Input impedance \( Z_i \) and terminal impedance: \( Z_T \)

The input impedance \( Z_i \) is defined in a very similar manner as the characteristic impedance, namely as the ratio of the pulsatile components of pressure and flow: % $$ \begin{equation} Z_i(\omega_n) = \frac{p_n(\omega_n)}{q_n(\omega_n)} \tag{6.9} \end{equation} $$ Importantly, the input impedance is not restricted to unidirectional waves, i.e., reflected wave components are included. Thus, \( Z_i \) is a global quantity that characterize the properties distal (downstream) to the point of measurement. The cumulative effect of all distal contributions is incorporated in the input impedance. In the aorta \( Z_i \) represents the afterload on the heart.

In Figure 57 the input impedance of a young healthy subject is depicted. For high frequencies the phase angles are close to zero, as high frequency components are more damped and reflections tend to cancel out. The negative phase angle for the low-frequency components correspond to that flow components lead pressure, i.e., the aorta first sees flow and the pressure.

The terminal impedance \( Z_T \) is defined in the same way as the input impedance, the only difference being that the input impedance normally alludes to the aorta, whereas the terminal impedance may be measured to represent the load anywhere in the vascular tree.

Longitudinal impedance: \( Z_l \)

It is the pressure gradient which drives the flow, and the relation of the two is expressed by the longitudinal impedance: $$ \begin{equation} Z_l = \partd{\hat{p}}{z}/\hat{q} \tag{6.10} \end{equation} $$ The longitudinal impedance is a complex number defined by the complex pressure gradient and complex flows. It can be calculated by frequency analysis of the pressure gradient and the flow that have been measured simultaneously. \( Z_l \) plays an important role in the characterization of vascular segments. In the chapter 5.6.3 Longitudinal impedance for pulsatile flow in straight tubes, \( Z_l \) is derived analytically for pulsatile rigid pipe flow using Womersley theory. For small Womersley numbers \( \alpha \) the we get that \( Z_l \approx Z_p = 8 \mu/\pi a^4 \), i.e., an Poiseuille resistance, whereas for large \( \alpha \) the \( Z_l \approx j \alpha^2/8 \).

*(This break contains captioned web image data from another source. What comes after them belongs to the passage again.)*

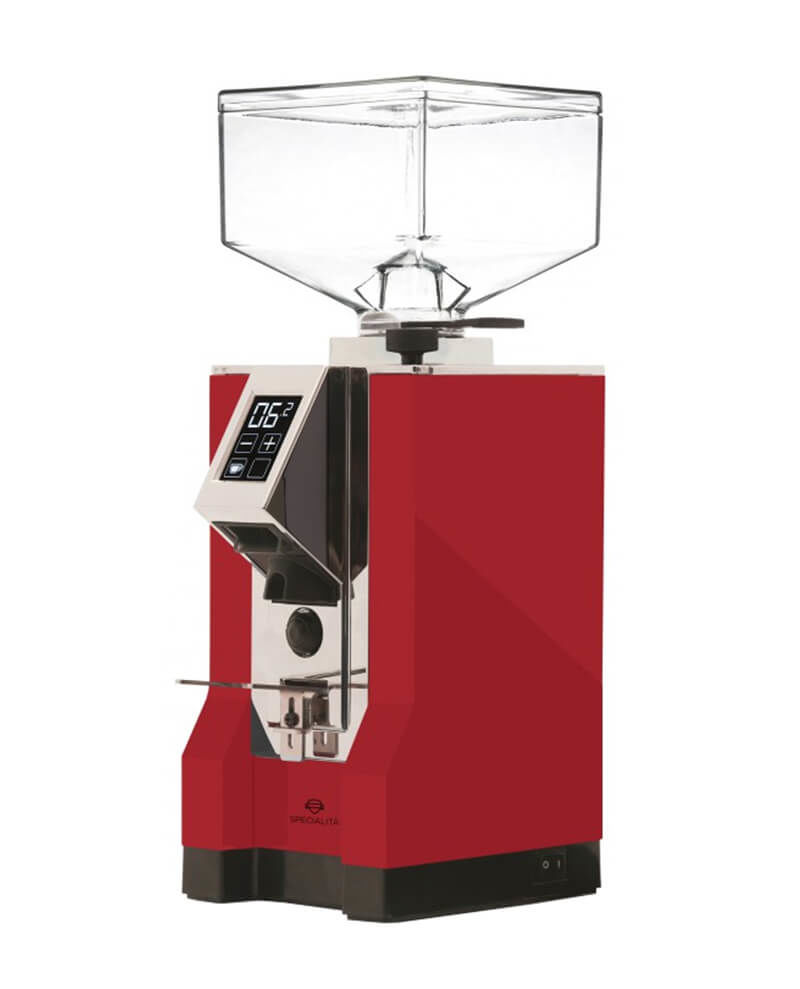 Image of Eureka Mignon Specialita silent range Kaffeemühle rot bei nettoshop.ch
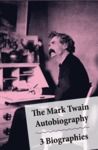 Electronic book The Mark Twain Autobiography + 3 Biographies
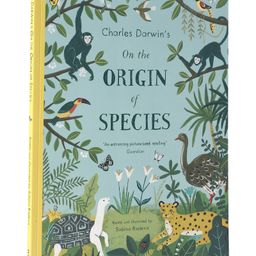 penguin random house On The Origin of Species Picture Book by Sabina Radeva - English-picture-38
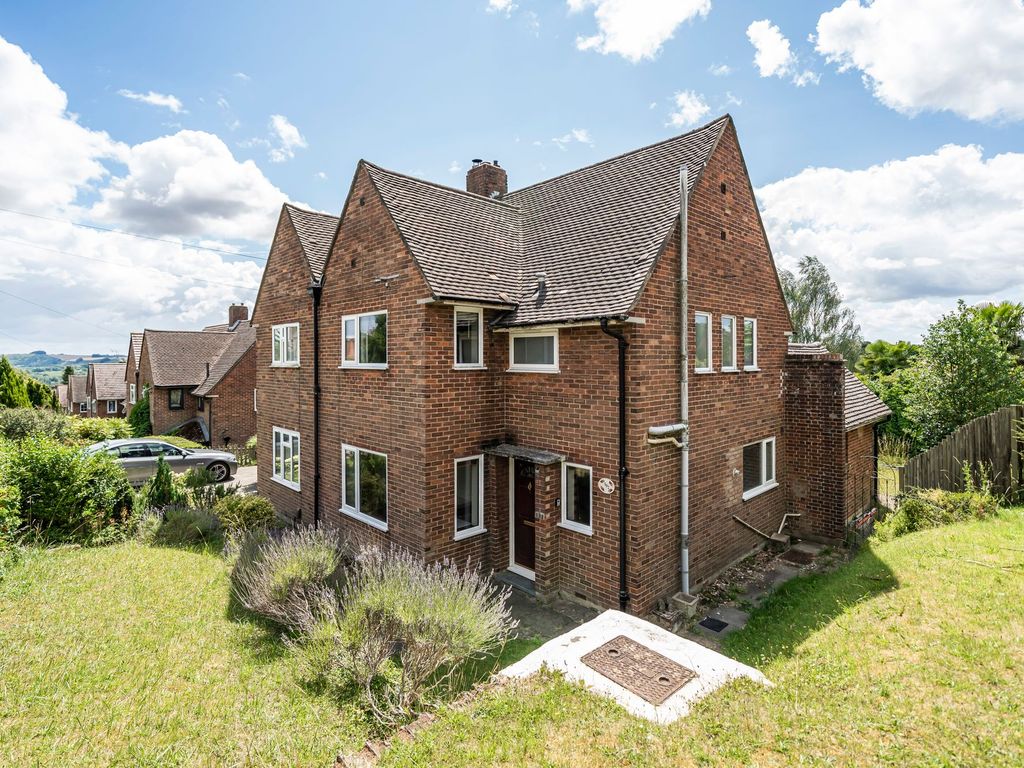 5 bed semidetached house for sale in Stanmore Lane, Winchester SO22
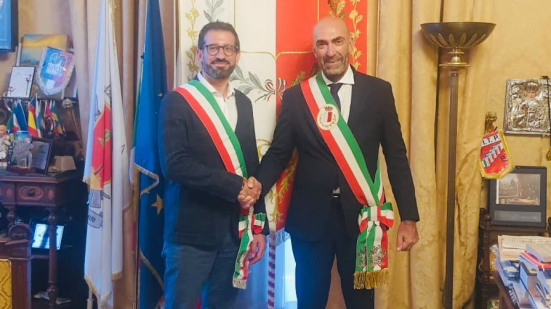 Gradara e Bari verso un gemellaggio culturale e turistico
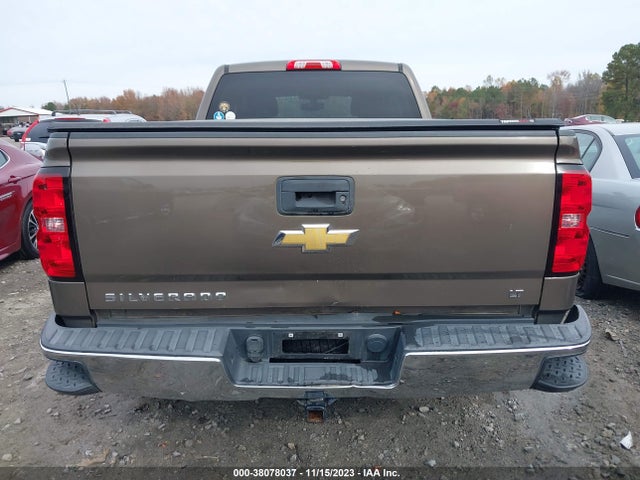 Chevrolet Silverado 1500 1lt 2015 1GCVKREC6FZ192570 Image 16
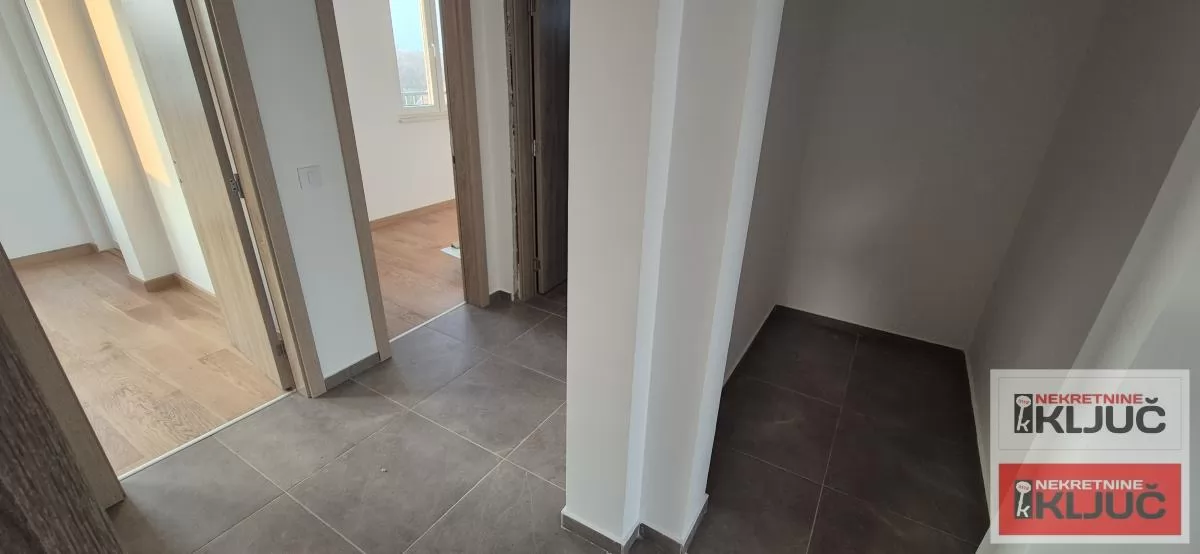 VETERNIČKA RAMPA, Četvorosoban, 98m2+15m2 terasa, Nov može Kredit 14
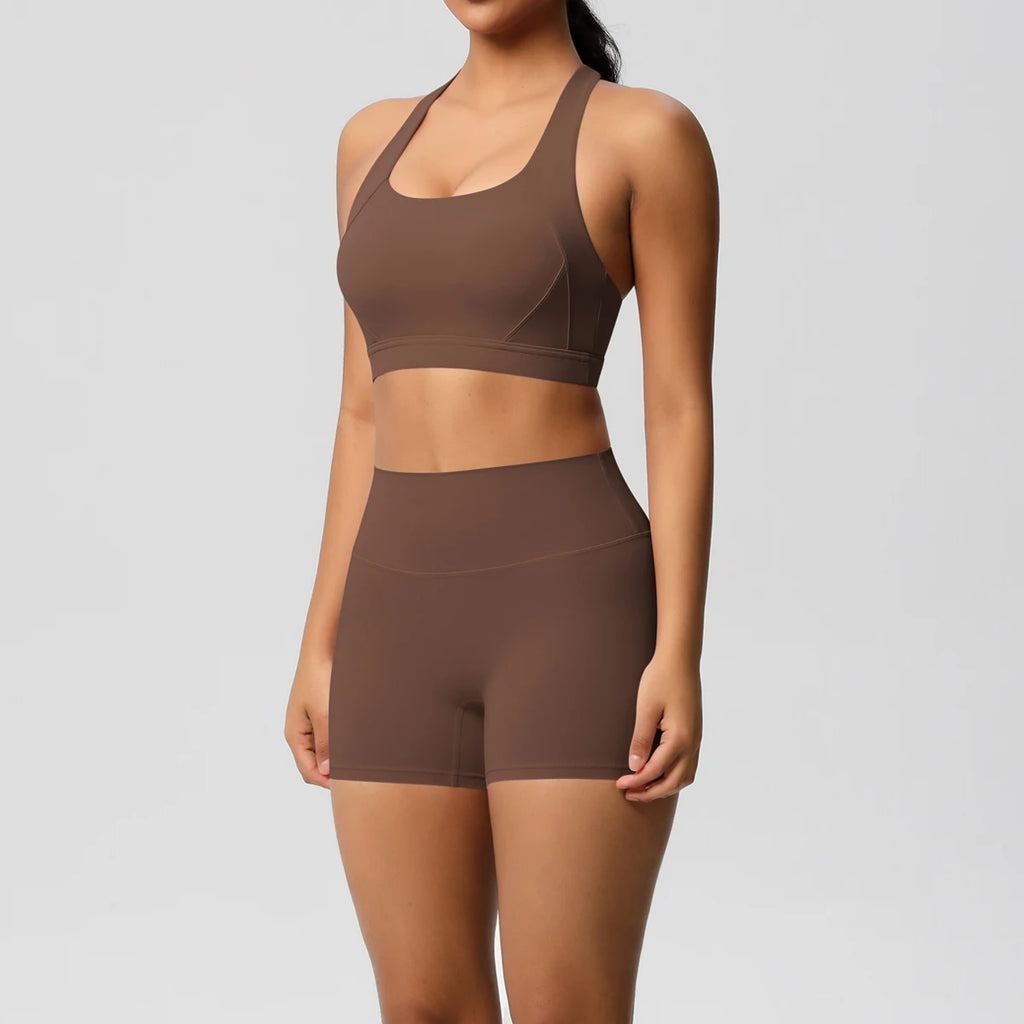 Ensemble de sport femme 2 pièces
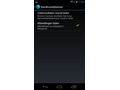 Screenshot Samsung Galaxy Nexus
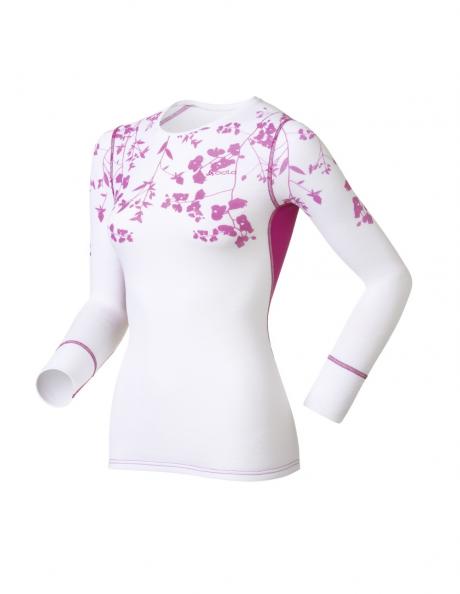 ODLO Футболка с длинным рукавом женская WARM TREND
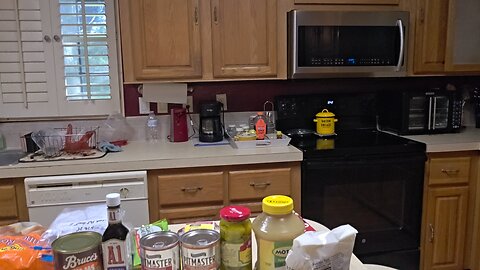 MEAL PLANNING FOR THIS WEEK
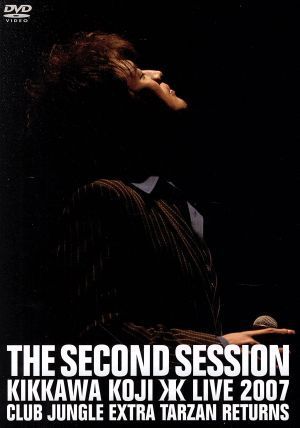 【豊富な】 ＴＨＥ ＳＥＣＯＮＤ ＳＥＳＳＩＯＮ ＫＩＫＫＡＷＡ ＫＯＪＩ ＬＩＶＥ ２００７ ＣＬＵＢ ＪＵＮＧＬＥ ＥＸＴＲＡ ＴＡＲＺＡ(ジャパニーズポップス)｜売買されたオークション情報、yaho ジャパニーズポップス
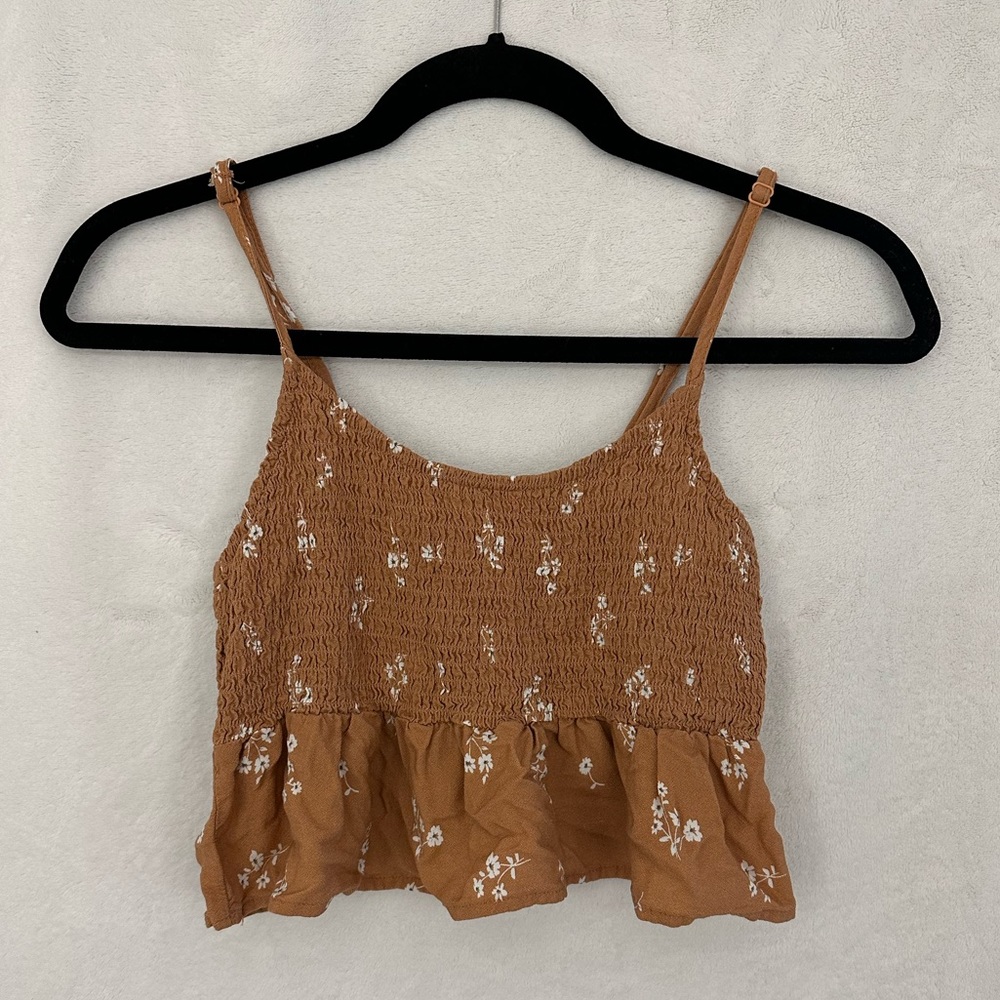 Touched Crop Top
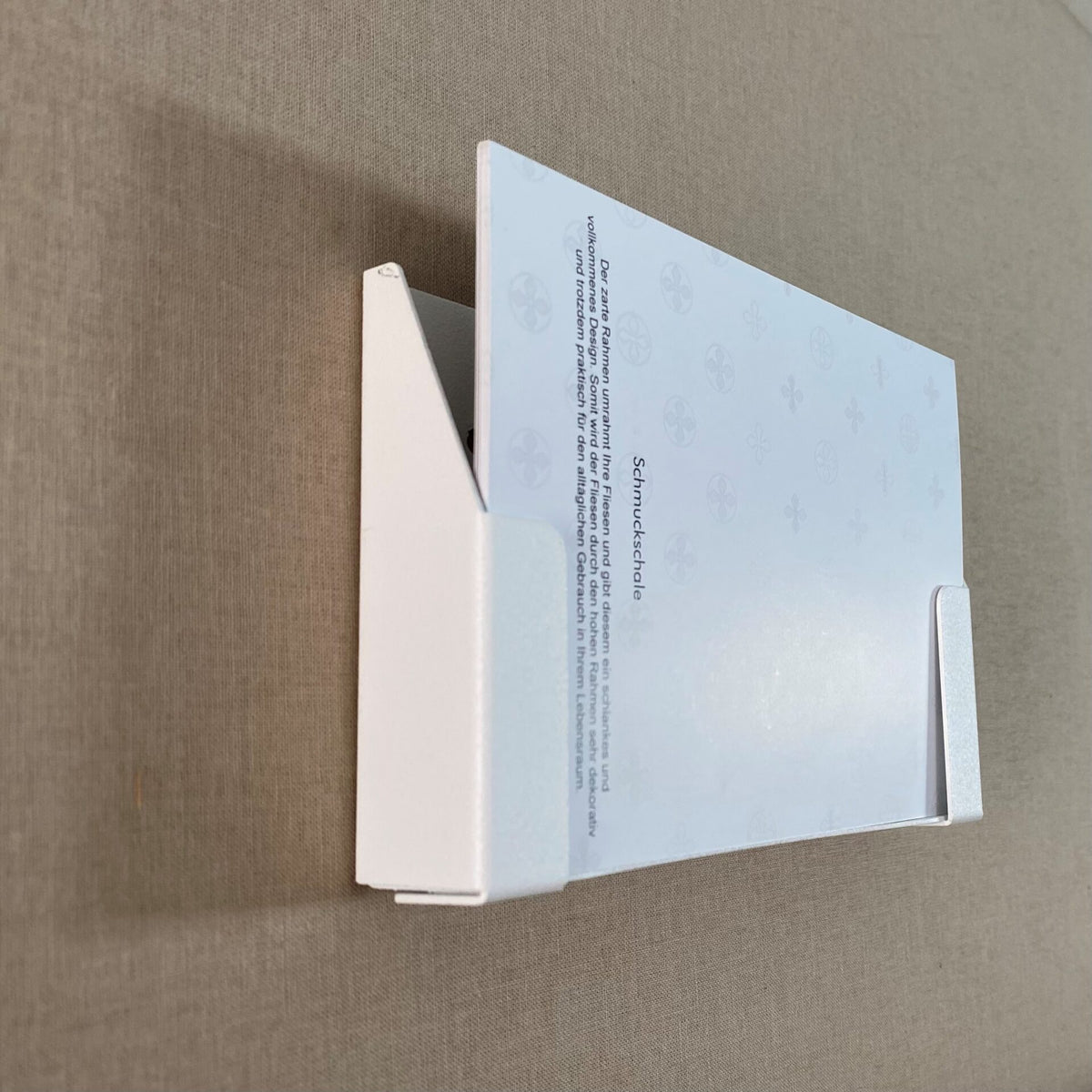 Postkartenhalter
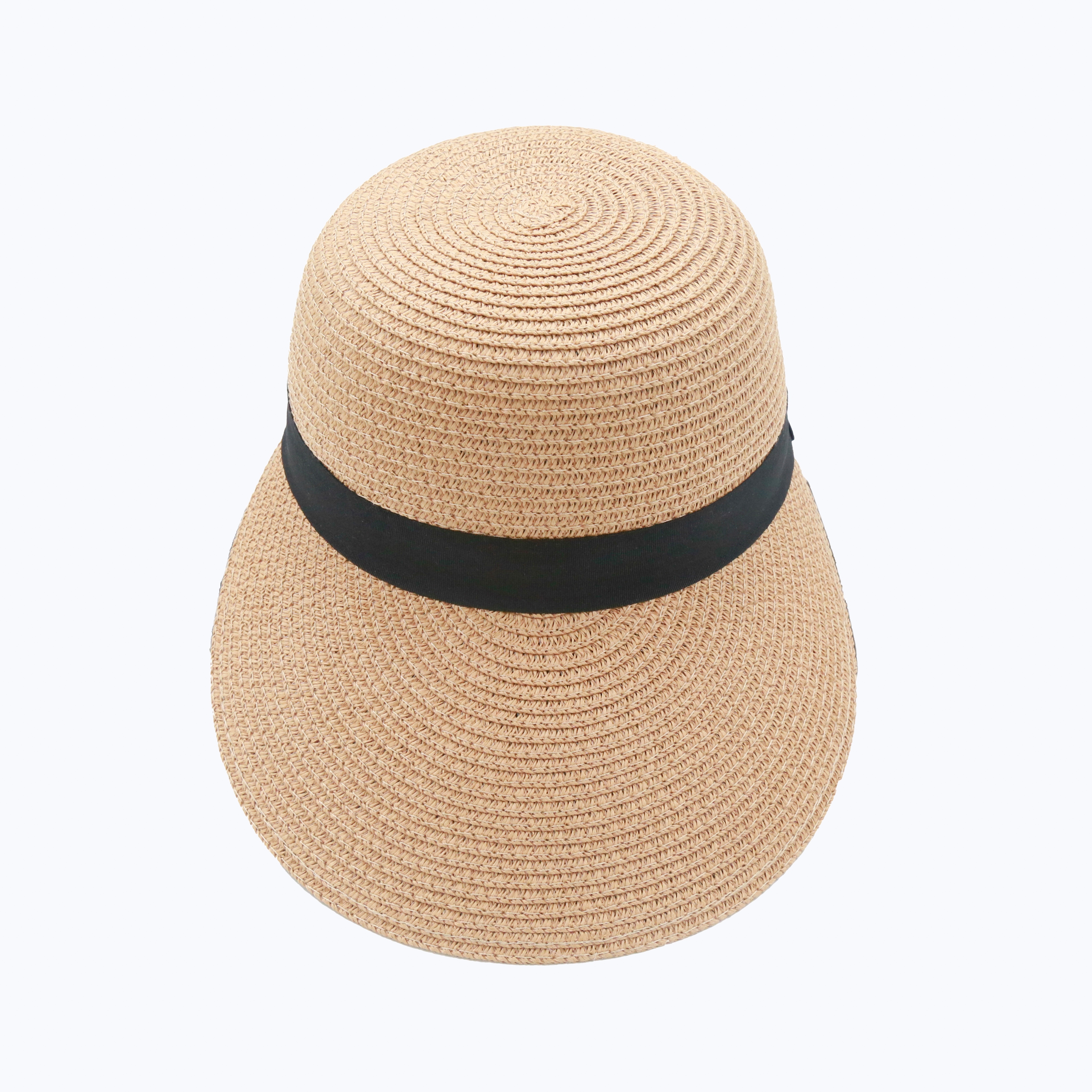 South Korean version of straw hat horse hat female summer outdoor outing beach leisure sunblock straw hat thumbnail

Transversal impedance: \( Z_t \)

The compliance of an arterial segment is characterized by the transverse impedance defined by: $$ \begin{equation} Z_t = \hat{p}/\partd{\hat{q}}{z} \approx -\hat{p}/j\omega \hat{A} \tag{6.11} \end{equation} $$ The transverse impedance expresses the flow drop due to the storage of the vessel resulting from the radial motion of the wall [3], which in turn is caused by the pressure \( \hat{p} \). From the mass conservation equation (7.14) for compliant vessels we have: $$ \begin{equation} \partd{A}{t} = -\partd{q}{z} \tag{6.12} \end{equation} $$ and therefore from Fourier transformation: $$ \begin{equation} j \omega \hat{A} = - \partd{\hat{q}}{z} \tag{6.13} \end{equation} $$ which may be substituted into the definition of \( Z_t \) in equation (6.11) to provide the given approximation.

4: i.e. pressure difference over the vessel wall.